So you simply crossed your arms over your chest and huffed. “I’ll just go by myself then..”
Before you could storm off, he had grabbed your wrist and let out a groan. “Fine, we can go out. But let’s not stay too long, please? I have class tomorrow.”
He would literally do anything to make you happy, he’s too pure. Just make sure you give him all the cuddles he needs when you guys get home late that night~
Jaehee:
•Loved how active and outgoing you were. It was a trait she admired about you and something she wished she had.
•I feel like she’d be able to keep up for a little while, not being able to say no to spending time with you.
•But would eventually burn out and explain there are nights where she simply can’t do it. She feels terrible about it but it’s the honest truth.

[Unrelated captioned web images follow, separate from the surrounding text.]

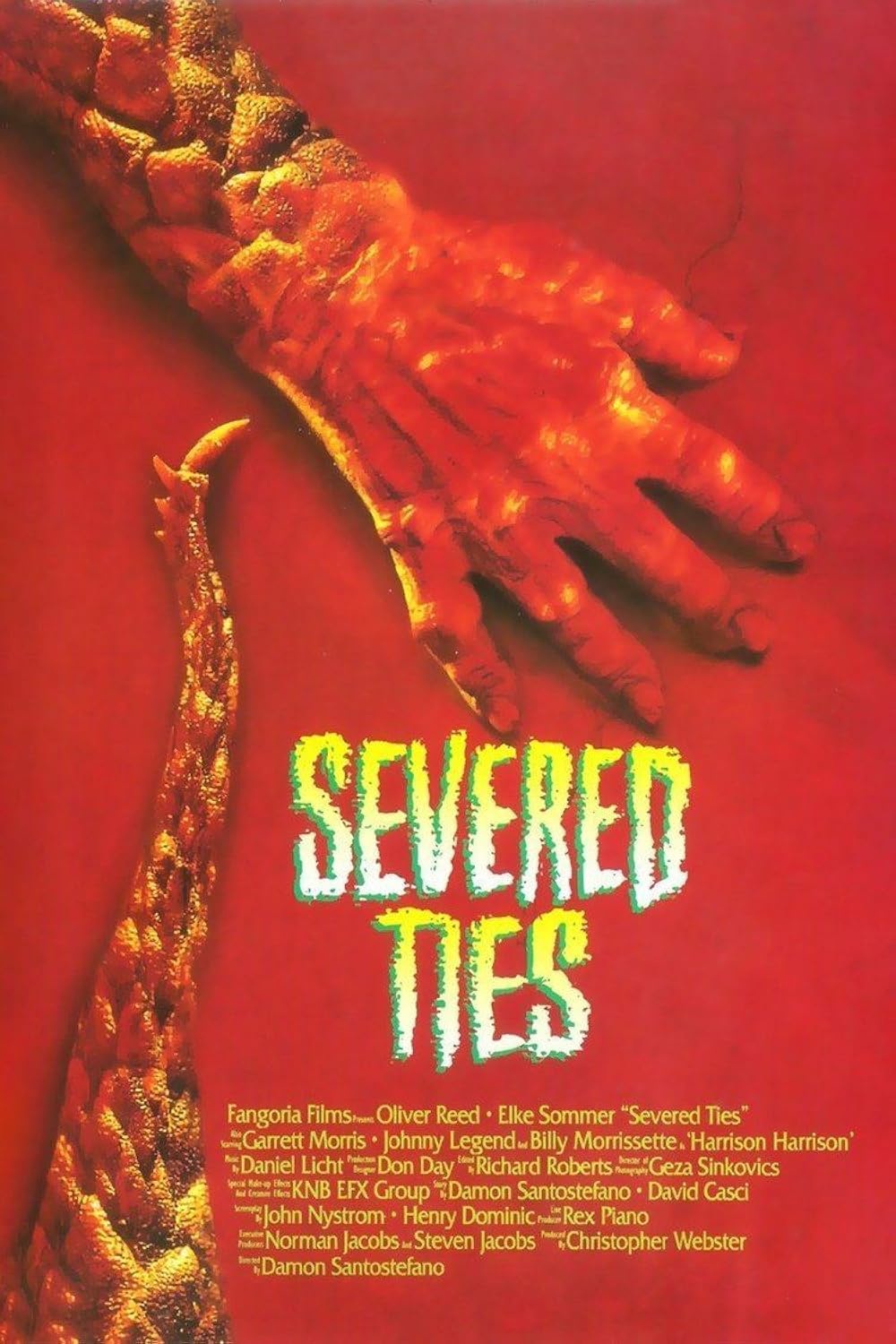 Severed Ties Movie on DVD (1992) 1 Severed Ties Movie on DVD (1992)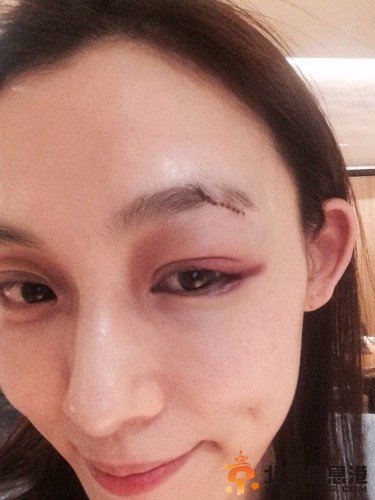 范玮琪摔倒左眼缝20多针 网友：这是要家暴的节奏吗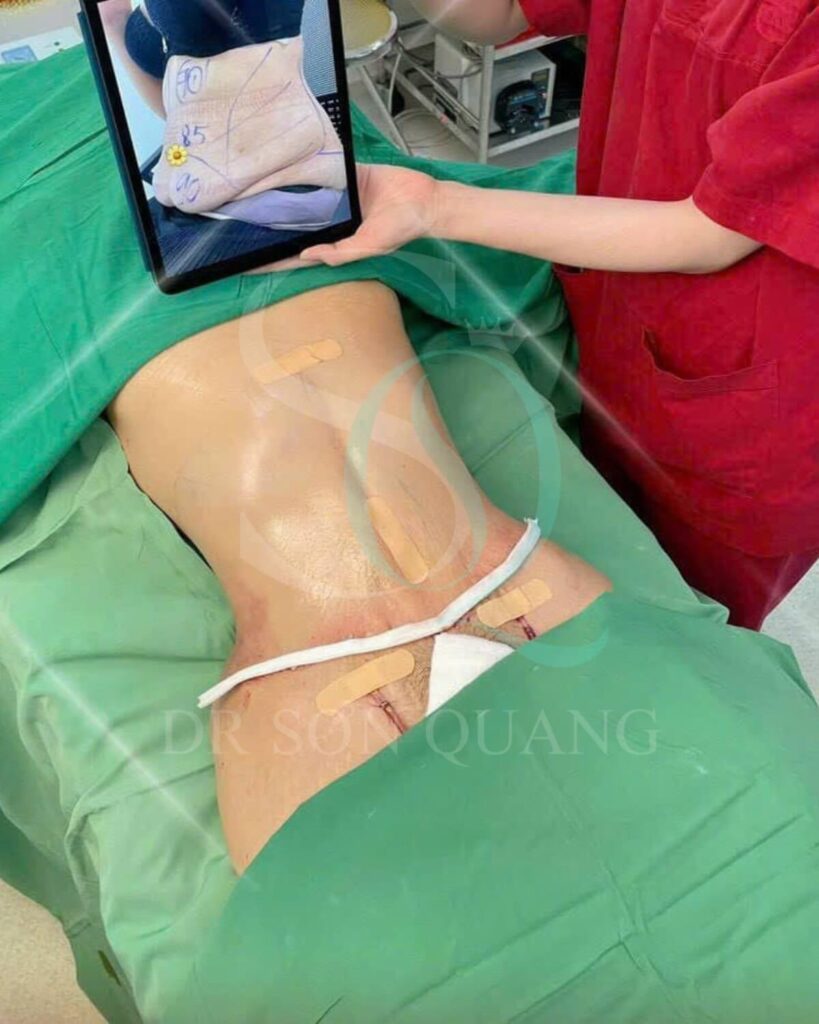 Ca hút mỡ bụng Dr Quang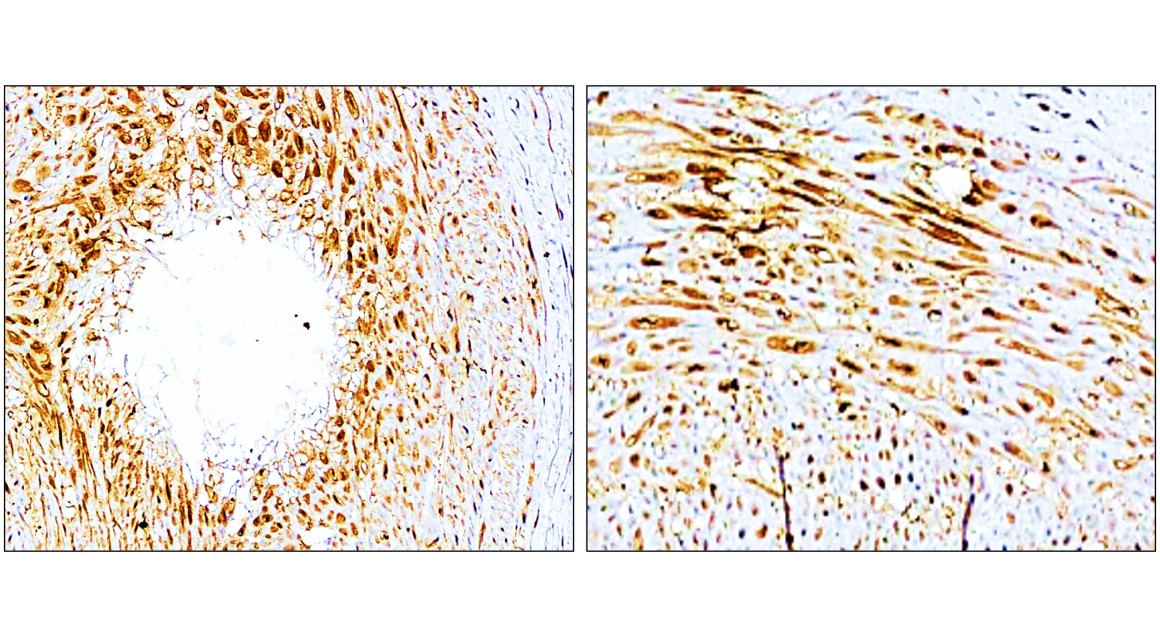 IR307-912 anti P-selectin / CD62P antibody IHC image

•So instead of going out into public, y'all just stay home and get turnt to broadway music lol. That was enough for the both of you as long as you were with each other.
Zen:
Despite his hectic rehearsal schedule, Zen loved to go out! It gave him a chance to flaunt his looks when he wasn’t on stage.
Sometimes if you guys were out at a nightclub, you guys were the life of the party.
Just the ultimate couple tbh.
But there are times where he would rather just stay in with you.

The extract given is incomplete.